The idea behind the Big Garden Birdwatch is for members of the public to record the different birds they spot, which land in their garden over an hour’s duration.  The information compiled is then used to build up a wider picture of the quantity and distribution of bird populations in the UK.

Midday, found me at my kitchen window, looking out upon my small rectangle of lawn and shrubs, notebook in my hand, ready to record every ornithological sighting as it happened, and I did not have long to wait for my first bird.  Within less than a minute, a chubby, red-breasted Robin, straight off the front of a Christmas card, had landed on my garden fence, assessed the relative invitingness of my garden against that of my neighbour, and hopped down onto a concrete stepping stone on my lawn.  I duly wrote ‘Robin – one’ in my notebook, and continued to watch.  It seemed like a promising start.

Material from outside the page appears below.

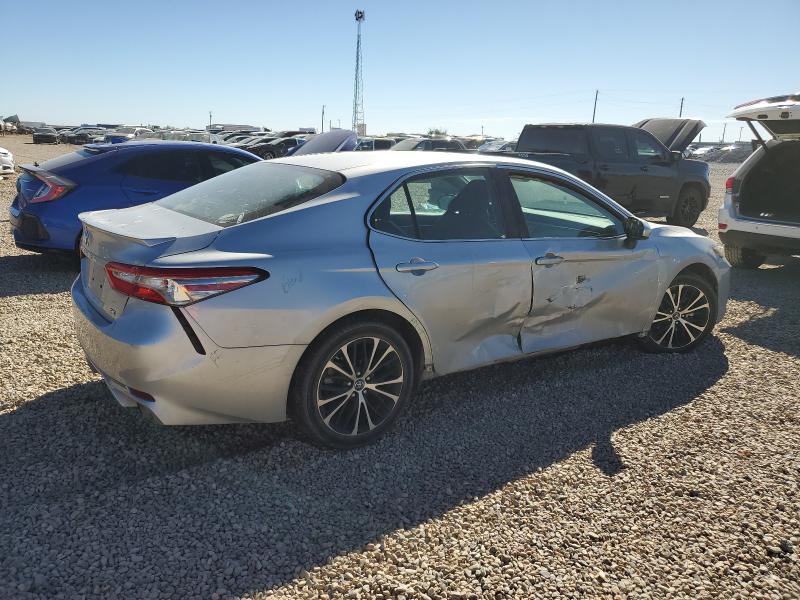 4T1B11HK2JU642906 - 2018 TOYOTA CAMRY L ვერცხლისფერი ფოტო 3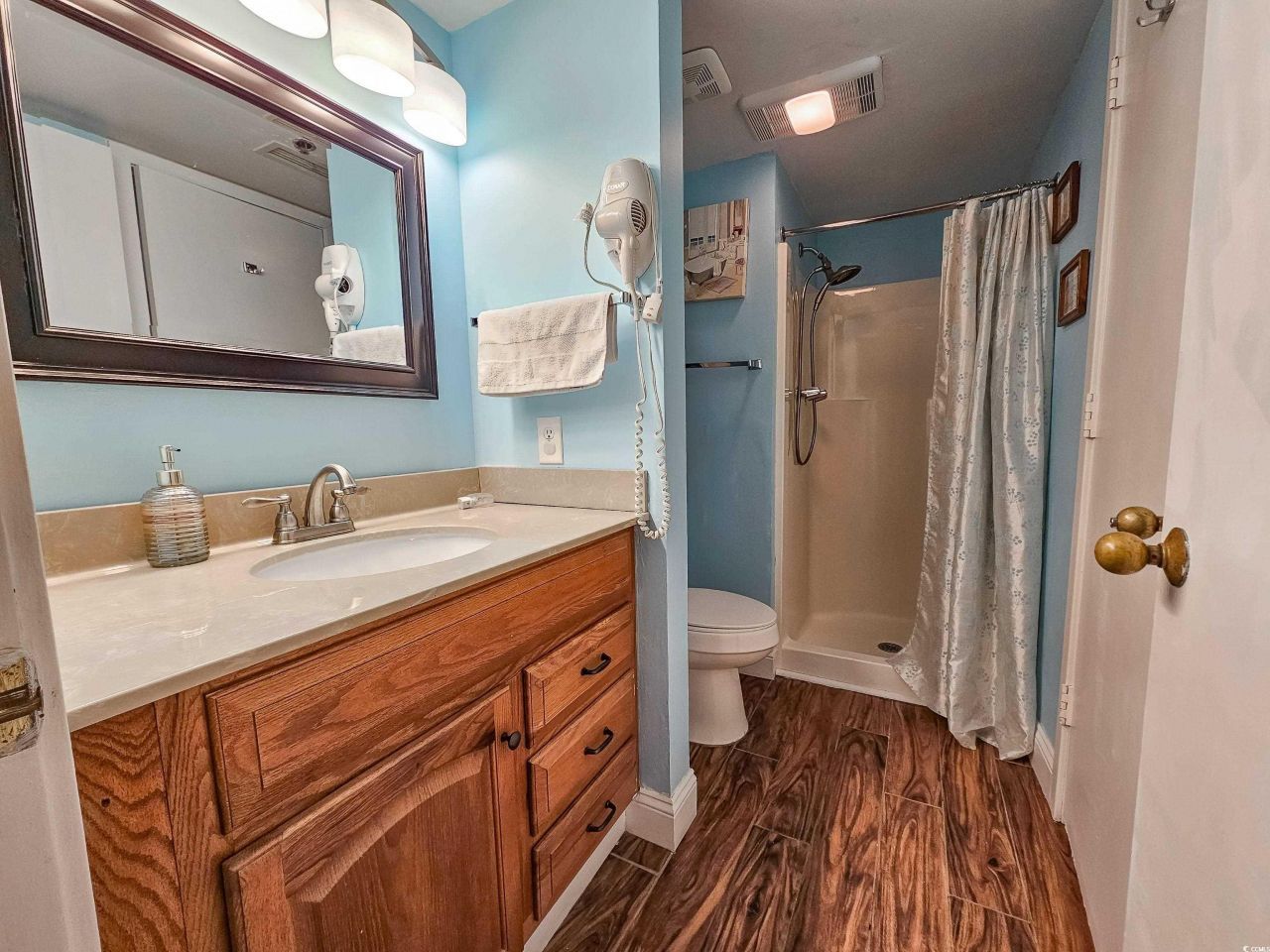 410 Melrose Pl. Photo 33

One minute, turned to ten, turned to twenty, and then half an hour, without spotting a single other bird.  Normally, my garden is full of birds but, today, they appeared to be deliberately keeping away.  Finally, with the hour almost up, and with a solitary Robin still the only tick in my notebook, a large male Blackbird appeared in the branches of a tree at the end of the garden, and then flew down onto my lawn.  I started writing again: ‘Blackbird – one’.

But that was it.  One hour of watching, and only two birds sighted.  It seemed like rather a poor return.

But that is what I love about birdwatching: the unpredictability of it.

Only the day before, I had been walking in my local park, and I had stopped to look at some large balls of mistletoe, which were growing on a tall lime tree.  Purely by chance, I noticed a bird high up in the branches of the same tree: it was a Peregrine Falcon.  I had never seen one in the park before.  I watched it quietly for some time before it eventually flew away.

That’s how it goes with birdwatching: some days you win; some days you lose.

© Bradley Dunbar

Bradley Dunbar remains ever watchful.